Authors of the new study report say that PRKAG2 cardiomyopathy, an important HCM phenocopy, is a rare autosomal dominant, non-lysosomal glycogen storage disease characterized by ventricular pre-excitation, supra-ventricular arrhythmias and cardiac hypertrophy. The clinical phenotypes of PRKAG2 cardiomyopathies often overlap with HCM due to sarcomere protein mutations and often lead to misdiagnosis.
According to the report, PRKAG2 cardiomyopathy was earlier found to be caused by mutations in the gene encoding ɣ2 regulatory subunit of the 5′ AMP-activated protein kinase (AMPK). AMPK is a highly conserved, ubiquitously expressed serine/threonine-protein kinase responsible for cellular energetic homeostasis control. γ2 regulatory subunit of AMPK (PRKAG2) binds AMP, enhancing the activation of the catalytic α-subunit. PRKAG2 mutations are suspected to modify the three-dimensional structure of AMPK, altering its affinity for AMP and modifying the enzyme activity which alters the myocyte glucidic uptake and metabolism causing the deposition of glycogen. These glycogen-filled myocytes interfere with the normal atrio-ventricular septation and leads to the observed cardiac phenotype.
Overall, about 24 pathogenic PRKAG2 mutations have been identified, showing clear genotype/phenotype correlations in PRKAG2 cardiomyopathies. The actual prevalence of PRKAG2 cardiomyopathies has not been properly investigated and only about 200 cases have been reported worldwide so far. Different studies in the US and Europe on large populations have given different estimates. There are no studies published on PRKAG2 cardiomyopathies from the South Asian region.
But in the new study, the authors have reported the morphological expression and clinical course of a cohort of 22 PRKAG2 cardiomyopathy patients belonging to three unrelated families, identified at the Amrita HCM centre. The quantum of literature on PRKAG2 cardiomyopathy and its outcomes have been limited and hence, this 7.0 ± 1.5 year follow-up data aims to throw light on the distinctive clinical features, natural history and outcomes of this disease.
“Genetic testing for HCM diagnosis and screening for risk can now be used routinely for overall disease management,” says Dr. Sameer Phalke, the study co-author and Senior Scientist at MedGenome, Bangalore, India.
“The unique population structure of India makes studies such as this possible.
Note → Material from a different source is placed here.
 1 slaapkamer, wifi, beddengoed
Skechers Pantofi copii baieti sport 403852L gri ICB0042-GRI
Familial disease studies in India will create a wealth of knowledge and opportunity to understand many diseases beyond HCM,” Dr Phalke added.
“As far as inherited cardiovascular disease is concerned, it is quite clear that we are now in the era of leveraging the potential of cardiovascular genetic testing for the prompt recognition of potentially life-threatening disease as well as choosing an appropriate management strategy to achieve optimum outcomes in our patients,” said Dr Hisham Ahmed, the lead clinical scientist and senior study co-author.
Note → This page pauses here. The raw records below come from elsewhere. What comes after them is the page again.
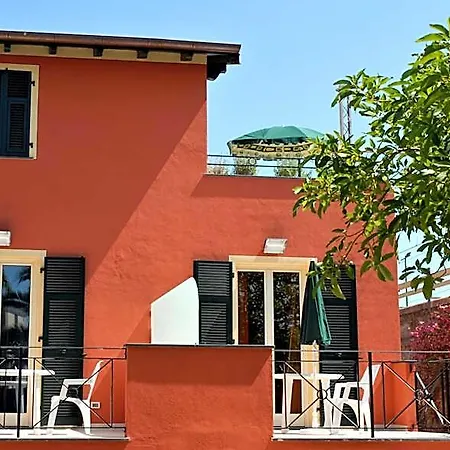 Acqua Di Mare - 4* Bordighera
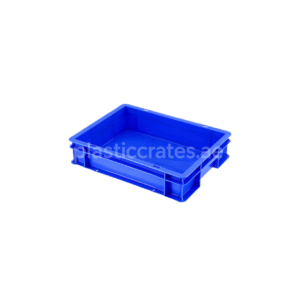 CLOSED CRATE 400 X 300 X 90 (LWH) MM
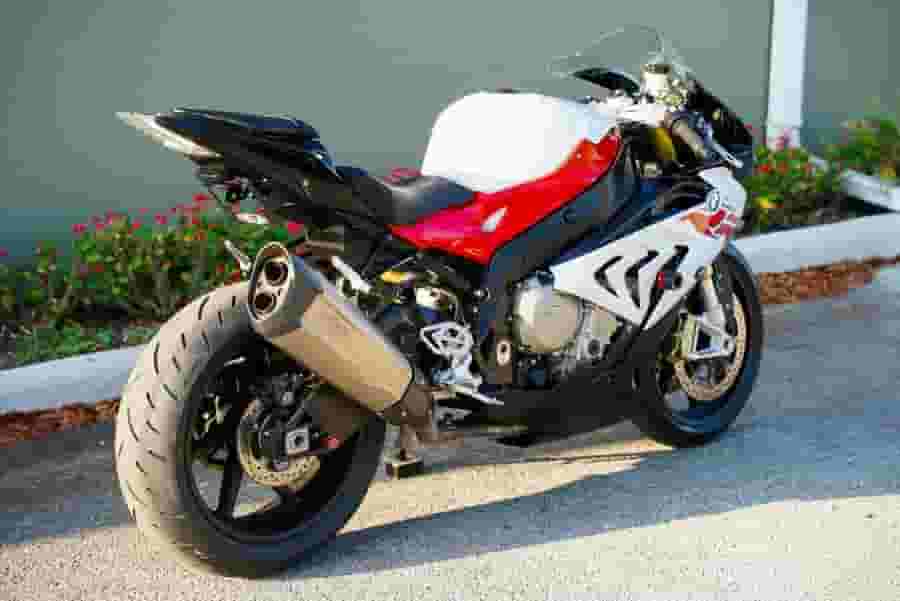 2018 BMW S 1000 RR
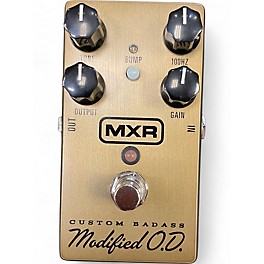 Used MXR M77 Custom Modified Badass Overdrive Effect Pedal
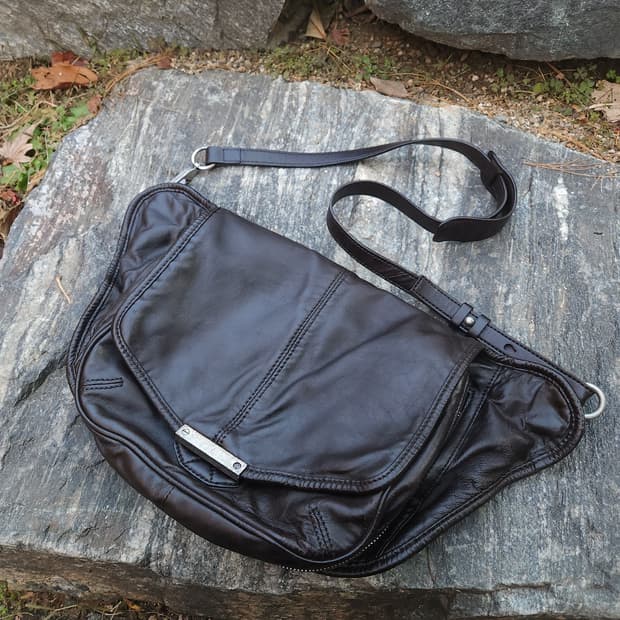 [OS] Alexander Wang 브라운 코로스백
According to Dr Ahmed, Clinical Associate Professor of Cardiology at Amrita Institute of Medical Sciences and Research, Kochi, the judicious use of genetic testing in this study accurately characterised the specific type of cardiomyopathy in each patient and thus led to the rapid identification of a large number of family members who inherited the same disease.
“This timely recognition led to the systematic risk stratification of the patients and their family members, which allowed them to receive advanced therapy which would protect them from the risk of a potential sudden cardiac death,” Dr Ahmed added.